Financially and contractually this deal works for the club too. Carroll won’t be on particularly big wages (Reading aren’t allowed to pay those this season anyway) and keeping him on for 18 months gives both parties some longer-term security without being that extensive. Two and a half years would have been reckless for a player who’s just turned 34, while six months probably wouldn’t have been all that tempting for Carroll himself.
Questions will inevitably be asked over his fitness, but a formerly injury-prone player is yet to miss a game because of that for Reading. In fact, he’s not had an enforced absence of more than three matches since 2019/20 according to Transfermarkt. This could of course very easily change - you’re an injury-free, regular starter until you’re not. Just ask Michael Morrison, who barely missed a kick earlier on in his Reading career but was never the same after injuries in 2021.
So, from the club’s perspective, agreeing an 18-month contract for Carroll ticks plenty of boxes. From mine though, I’m less convinced.
I’m happy with Carroll staying if he’s here in a relatively limited capacity: a back-up striker and plan B who’s generally a substitute but also gets the odd start. If Reading are looking for an experienced striker who can come off the bench specifically when an aerial threat and/or big presence is needed, we couldn’t do much better in the current transfer circumstances than Carroll. As it happens, Reading average more points per game when he comes off the bench than when he starts.
The issue however is that Paul Ince wants more than that from Carroll - he wants a first-team player - but he’s unwilling and/or unable to set his team up accordingly. If you’re going to start Carroll regularly, making him a key part of the XI rather than just a wildcard to bring on in the second half, you ideally need to sort out these two things:
- Making sure aerial crosses are going into the box for Carroll to get on the end of
- Ensuring the right kind of supply for Carroll in general play
Do Reading consistently get either of those things right? No.
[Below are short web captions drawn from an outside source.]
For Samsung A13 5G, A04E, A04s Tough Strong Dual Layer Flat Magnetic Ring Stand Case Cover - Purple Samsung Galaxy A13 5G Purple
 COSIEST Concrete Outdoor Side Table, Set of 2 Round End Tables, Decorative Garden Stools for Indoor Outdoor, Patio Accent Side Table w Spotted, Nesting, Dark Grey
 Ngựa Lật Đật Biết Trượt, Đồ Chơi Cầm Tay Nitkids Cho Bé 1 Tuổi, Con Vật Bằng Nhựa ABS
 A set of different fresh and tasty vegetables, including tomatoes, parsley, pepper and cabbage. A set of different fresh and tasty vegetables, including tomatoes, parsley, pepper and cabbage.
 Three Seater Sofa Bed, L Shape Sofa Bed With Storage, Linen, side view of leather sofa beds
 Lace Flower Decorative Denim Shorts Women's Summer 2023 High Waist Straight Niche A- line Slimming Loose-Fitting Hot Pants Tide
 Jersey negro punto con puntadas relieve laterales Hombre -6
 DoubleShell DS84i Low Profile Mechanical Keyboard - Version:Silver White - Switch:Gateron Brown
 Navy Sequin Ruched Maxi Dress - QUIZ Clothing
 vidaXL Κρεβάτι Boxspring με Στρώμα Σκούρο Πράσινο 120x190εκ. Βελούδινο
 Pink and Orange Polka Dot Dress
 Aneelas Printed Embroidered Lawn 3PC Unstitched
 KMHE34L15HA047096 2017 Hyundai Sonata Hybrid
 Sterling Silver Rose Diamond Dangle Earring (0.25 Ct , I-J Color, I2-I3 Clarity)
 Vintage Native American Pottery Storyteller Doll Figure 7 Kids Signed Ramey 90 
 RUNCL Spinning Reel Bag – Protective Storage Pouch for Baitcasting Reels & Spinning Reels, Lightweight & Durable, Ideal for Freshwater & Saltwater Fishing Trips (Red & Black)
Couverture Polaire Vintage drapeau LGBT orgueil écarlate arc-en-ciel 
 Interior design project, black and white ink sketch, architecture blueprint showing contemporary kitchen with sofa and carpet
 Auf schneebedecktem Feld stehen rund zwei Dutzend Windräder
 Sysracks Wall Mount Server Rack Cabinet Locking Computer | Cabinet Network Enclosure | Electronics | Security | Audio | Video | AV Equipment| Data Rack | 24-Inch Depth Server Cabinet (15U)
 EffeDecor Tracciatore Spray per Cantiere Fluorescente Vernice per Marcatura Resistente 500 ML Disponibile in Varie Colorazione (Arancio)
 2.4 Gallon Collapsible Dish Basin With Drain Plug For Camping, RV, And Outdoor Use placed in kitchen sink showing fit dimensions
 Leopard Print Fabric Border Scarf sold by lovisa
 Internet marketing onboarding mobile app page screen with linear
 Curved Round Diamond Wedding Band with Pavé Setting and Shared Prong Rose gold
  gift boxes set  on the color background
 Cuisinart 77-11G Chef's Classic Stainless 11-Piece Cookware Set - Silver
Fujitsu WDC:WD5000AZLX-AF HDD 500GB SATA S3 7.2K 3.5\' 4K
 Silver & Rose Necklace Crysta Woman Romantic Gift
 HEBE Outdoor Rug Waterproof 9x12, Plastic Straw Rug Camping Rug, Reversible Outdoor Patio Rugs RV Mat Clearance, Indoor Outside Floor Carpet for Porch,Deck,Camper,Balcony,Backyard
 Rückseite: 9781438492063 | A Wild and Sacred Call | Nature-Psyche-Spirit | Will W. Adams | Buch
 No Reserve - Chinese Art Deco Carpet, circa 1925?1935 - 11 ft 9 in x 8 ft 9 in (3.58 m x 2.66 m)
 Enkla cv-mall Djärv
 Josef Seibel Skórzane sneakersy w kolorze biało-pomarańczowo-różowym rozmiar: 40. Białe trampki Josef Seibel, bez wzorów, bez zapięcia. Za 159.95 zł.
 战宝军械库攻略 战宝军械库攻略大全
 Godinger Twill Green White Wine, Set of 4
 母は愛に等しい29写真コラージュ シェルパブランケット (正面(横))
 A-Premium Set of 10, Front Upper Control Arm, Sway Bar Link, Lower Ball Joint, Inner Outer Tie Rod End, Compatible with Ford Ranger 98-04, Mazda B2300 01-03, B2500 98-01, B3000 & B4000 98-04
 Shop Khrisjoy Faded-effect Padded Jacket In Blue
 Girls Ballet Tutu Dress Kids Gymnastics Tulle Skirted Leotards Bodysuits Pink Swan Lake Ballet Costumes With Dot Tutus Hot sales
On the first point, Carroll isn’t a consistent aerial threat in the box for Reading. Or an inconsistent one for that matter. He’s scored just one header for the Royals so far and that was last season at Middlesbrough; the closest he’s come in 2022/23 was (kinda) forcing an own goal at Hull City by meeting a free kick at the back post and heading the ball back into the danger area. This season he’s behind Naby Sarr, Tom McIntyre, Mamadou Loum and Amadou Mbengue for headed goals.
In his defence, Reading aren’t much of a crossing team. The Royals play just 18 crosses per game which is lower-mid-table by Championship standards; to really get the most out of Carroll’s aerial prowess that figure would have to be much higher. This issue is resolvable though: Reading have players capable of putting in dangerous crosses such as Junior Hoilett, Tom Ince and Baba Rahman. Achieving that in a 3-5-2 however, when Reading won’t consistently have bodies out wide to provide a steady supply of crosses, is tricky.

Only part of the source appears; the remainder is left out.